Europe remains a stronghold for wealth, with Monaco (6th), London (10th), and Geneva (11th) ranking as the top three destinations. Rome (19th), Milan (23rd), and Lisbon (26th) are emerging as rising stars, driven by favourable tax regimes and a high quality of life.

Asia-Pacific cities including Singapore (3rd), Shanghai (16th), Bangkok (17th) and Tokyo (24th), make the top 30, driven by connectivity, economic clustering and luxury lifestyle offerings. Significant economic growth in the region has led to an increase in wealthy individuals, with Sydney (34th), Kuala Lumpur (35th) and Seoul (38th) sitting just outside the top 30.

More than half of the North American locations analysed rank in the top 30 with a clustering effect around New York (2nd) and The Hamptons (31st), Los Angeles (7th) and Malibu (21st), San Francisco (12th) and Monterey (41st) and Miami (8th), and Palm Beach (30th), demonstrating that even when getting away from it all, people still want to be close to urban centres.

The report also highlights that wealth is no longer confined to the city. Countryside and ski destinations, such as Tuscany (22nd), Jackson (28th), Aspen (9th), and Zermatt (15th), feature prominently, increasingly viewed not just as retreats but as permanent bases, reflecting a growing preference for year-round leisure, wellness and connectivity.

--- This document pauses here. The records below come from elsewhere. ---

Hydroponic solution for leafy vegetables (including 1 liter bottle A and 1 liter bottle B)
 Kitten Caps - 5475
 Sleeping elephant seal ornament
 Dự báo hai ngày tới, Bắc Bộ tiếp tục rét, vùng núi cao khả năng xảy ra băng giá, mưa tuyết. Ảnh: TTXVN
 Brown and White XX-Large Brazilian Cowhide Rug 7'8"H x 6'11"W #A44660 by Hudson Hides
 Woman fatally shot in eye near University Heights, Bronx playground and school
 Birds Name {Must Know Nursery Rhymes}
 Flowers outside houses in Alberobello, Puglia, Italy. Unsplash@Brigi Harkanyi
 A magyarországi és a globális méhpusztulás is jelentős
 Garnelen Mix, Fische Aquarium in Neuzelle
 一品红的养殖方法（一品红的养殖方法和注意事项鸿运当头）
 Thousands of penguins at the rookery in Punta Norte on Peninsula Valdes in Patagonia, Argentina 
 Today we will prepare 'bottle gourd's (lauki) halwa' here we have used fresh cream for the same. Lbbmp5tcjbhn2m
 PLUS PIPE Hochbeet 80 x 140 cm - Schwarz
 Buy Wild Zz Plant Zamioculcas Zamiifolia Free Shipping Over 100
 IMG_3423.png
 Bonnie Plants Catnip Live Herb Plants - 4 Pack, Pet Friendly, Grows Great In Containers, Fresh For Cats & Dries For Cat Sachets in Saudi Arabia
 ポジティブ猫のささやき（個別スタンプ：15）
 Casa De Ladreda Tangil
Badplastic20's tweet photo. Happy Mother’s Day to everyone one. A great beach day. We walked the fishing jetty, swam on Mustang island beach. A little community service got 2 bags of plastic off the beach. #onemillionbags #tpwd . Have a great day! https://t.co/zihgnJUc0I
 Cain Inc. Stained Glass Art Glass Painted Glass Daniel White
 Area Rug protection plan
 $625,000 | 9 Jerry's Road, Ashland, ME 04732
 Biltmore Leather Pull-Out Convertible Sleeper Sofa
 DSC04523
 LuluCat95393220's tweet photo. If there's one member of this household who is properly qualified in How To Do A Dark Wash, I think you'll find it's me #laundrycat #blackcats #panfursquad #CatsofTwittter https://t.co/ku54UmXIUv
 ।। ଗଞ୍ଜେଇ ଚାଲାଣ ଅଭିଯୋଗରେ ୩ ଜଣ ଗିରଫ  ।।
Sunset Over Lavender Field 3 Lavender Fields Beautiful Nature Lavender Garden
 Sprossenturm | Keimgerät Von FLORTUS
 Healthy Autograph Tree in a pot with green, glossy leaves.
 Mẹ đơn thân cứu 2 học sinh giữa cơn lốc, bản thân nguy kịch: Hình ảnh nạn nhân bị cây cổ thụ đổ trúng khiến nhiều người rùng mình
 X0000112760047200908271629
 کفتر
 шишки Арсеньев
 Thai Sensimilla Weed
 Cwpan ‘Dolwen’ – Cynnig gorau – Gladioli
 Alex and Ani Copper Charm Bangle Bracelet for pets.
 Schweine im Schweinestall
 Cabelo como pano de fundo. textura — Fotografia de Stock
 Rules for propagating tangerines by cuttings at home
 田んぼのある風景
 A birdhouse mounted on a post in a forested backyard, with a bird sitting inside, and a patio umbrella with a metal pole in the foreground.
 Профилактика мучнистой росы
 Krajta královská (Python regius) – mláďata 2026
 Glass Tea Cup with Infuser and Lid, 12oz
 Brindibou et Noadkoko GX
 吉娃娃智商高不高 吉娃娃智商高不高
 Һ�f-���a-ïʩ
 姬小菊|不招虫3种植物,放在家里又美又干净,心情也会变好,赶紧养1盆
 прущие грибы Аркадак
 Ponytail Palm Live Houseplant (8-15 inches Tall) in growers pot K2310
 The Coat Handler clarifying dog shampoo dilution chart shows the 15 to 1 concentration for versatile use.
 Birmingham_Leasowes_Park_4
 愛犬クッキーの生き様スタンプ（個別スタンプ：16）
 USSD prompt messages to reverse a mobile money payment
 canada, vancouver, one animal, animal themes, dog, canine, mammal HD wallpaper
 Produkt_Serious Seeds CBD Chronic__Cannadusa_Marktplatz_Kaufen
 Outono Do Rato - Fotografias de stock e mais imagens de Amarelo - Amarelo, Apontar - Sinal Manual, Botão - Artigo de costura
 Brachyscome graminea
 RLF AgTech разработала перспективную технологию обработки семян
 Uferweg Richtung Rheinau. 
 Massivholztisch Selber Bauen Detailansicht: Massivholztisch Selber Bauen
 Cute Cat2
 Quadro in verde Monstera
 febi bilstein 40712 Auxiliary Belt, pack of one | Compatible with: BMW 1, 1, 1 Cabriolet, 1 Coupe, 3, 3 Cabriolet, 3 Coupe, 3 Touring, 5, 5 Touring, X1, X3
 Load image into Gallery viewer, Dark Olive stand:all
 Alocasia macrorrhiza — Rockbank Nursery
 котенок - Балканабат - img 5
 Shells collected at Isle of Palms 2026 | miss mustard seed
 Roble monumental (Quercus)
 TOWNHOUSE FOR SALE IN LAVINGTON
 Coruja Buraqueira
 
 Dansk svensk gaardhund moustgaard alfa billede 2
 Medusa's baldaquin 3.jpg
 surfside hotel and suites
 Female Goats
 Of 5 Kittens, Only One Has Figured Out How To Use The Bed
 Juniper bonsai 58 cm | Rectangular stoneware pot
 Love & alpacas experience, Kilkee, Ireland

Yap Hui Yee, Executive Director, Investment Sales & Capital Markets, Savills Singapore, “Singapore continues to distinguish itself as a trusted hub for global capital and wealth management. The city’s transparent regulations, robust financial ecosystem, and depth of high-quality real estate underpin its appeal to high-net-worth individuals and family offices seeking both stability and long-term value. Its position as a global wealth hub is further reinforced by the strength of its real estate fundamentals – limited supply, strong economic governance, and investor confidence continue to support asset values across both commercial and hospitality sectors. Family offices and private investors are taking a long-term view, recognising that real estate in Singapore is not merely a financial investment, but a strategic anchor for capital preservation, legacy planning, and lifestyle enhancement”

Kelcie Sellers, Associate Director, Savills World Research, “The new map of wealth is more fluid, decentralised and globally distributed than ever before. Where talent and capital converge wealth follows. In this new era, the next hotspot may be less about legacy and more about agility, vision and the ability to attract the globally mobile.”